Part 37

1.8K 79 0
                                    

Auriga

Gue nggak peduli saat seluruh siswa memperhatikan gue berlari sambil menggendong Azura yang pingsan. Azura harus diberi pertolongan secepatnya, cuma itu. Dengan napas yang tersengal, gue mendorong pintu UKS dengan kaki dan meletakkan tubuh Azura di atas ranjang UKS.
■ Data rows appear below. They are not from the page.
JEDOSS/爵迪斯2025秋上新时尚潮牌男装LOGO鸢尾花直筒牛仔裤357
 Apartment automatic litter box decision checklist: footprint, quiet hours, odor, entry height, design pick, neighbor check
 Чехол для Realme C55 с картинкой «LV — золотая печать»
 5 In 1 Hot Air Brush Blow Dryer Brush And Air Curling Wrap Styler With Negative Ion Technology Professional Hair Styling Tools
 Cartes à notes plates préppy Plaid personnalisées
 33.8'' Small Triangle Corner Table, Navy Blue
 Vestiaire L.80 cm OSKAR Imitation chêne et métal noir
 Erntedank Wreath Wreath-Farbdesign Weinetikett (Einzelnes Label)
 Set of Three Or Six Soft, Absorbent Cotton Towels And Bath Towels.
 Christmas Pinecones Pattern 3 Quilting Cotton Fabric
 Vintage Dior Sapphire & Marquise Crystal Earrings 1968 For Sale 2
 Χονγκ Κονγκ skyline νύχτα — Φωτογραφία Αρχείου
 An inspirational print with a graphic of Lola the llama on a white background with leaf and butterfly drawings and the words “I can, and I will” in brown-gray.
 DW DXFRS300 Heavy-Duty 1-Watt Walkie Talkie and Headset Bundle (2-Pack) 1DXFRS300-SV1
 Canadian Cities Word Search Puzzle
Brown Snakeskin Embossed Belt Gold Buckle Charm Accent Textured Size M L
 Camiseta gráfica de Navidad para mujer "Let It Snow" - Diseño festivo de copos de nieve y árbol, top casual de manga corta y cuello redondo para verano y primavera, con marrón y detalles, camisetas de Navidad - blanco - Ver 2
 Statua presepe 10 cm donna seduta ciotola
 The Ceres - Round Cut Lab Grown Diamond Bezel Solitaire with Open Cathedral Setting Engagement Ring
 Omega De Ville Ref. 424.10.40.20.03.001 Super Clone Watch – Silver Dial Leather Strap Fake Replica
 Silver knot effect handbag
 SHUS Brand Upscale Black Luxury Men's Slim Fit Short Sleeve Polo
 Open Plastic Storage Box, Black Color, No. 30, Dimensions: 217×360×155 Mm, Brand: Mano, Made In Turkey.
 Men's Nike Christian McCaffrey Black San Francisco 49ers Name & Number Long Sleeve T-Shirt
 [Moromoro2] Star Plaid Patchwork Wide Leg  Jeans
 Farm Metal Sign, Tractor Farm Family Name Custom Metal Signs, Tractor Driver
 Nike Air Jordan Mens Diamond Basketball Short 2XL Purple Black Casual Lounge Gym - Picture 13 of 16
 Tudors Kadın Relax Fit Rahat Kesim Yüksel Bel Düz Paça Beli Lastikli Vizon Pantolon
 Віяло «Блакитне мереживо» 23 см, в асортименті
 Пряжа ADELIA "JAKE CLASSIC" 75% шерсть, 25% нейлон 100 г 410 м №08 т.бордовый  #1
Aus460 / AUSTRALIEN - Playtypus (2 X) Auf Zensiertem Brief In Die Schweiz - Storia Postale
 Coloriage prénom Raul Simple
Gue melepas sepatu dan topi baretnya kemudian mencari minyak kayu putih untuk dioleskan di sekitar kepalanya. Baru aja gue mencari di kotak P3K, petugas UKS dan dokter datang dengan cepat. Mereka memeriksa keadaan Azura dan gue harus keluar dulu. Di luar, sudah banyak anak yang sengaja datang untuk menonton kejadian ini.

"BUBAR KALIAN!" teriak gue mengusir beberapa siswa di hadapan gue.

Tanpa disuruh dua kali, mereka membubarkan diri dan sesekali mengintip untuk melihat Azura. Kedua sahabat Azura juga terlihat cemas melihat keadaan sahabatnya itu.

"Gue baru tau kalo Azura bisa pingsan juga," celetuk Leo.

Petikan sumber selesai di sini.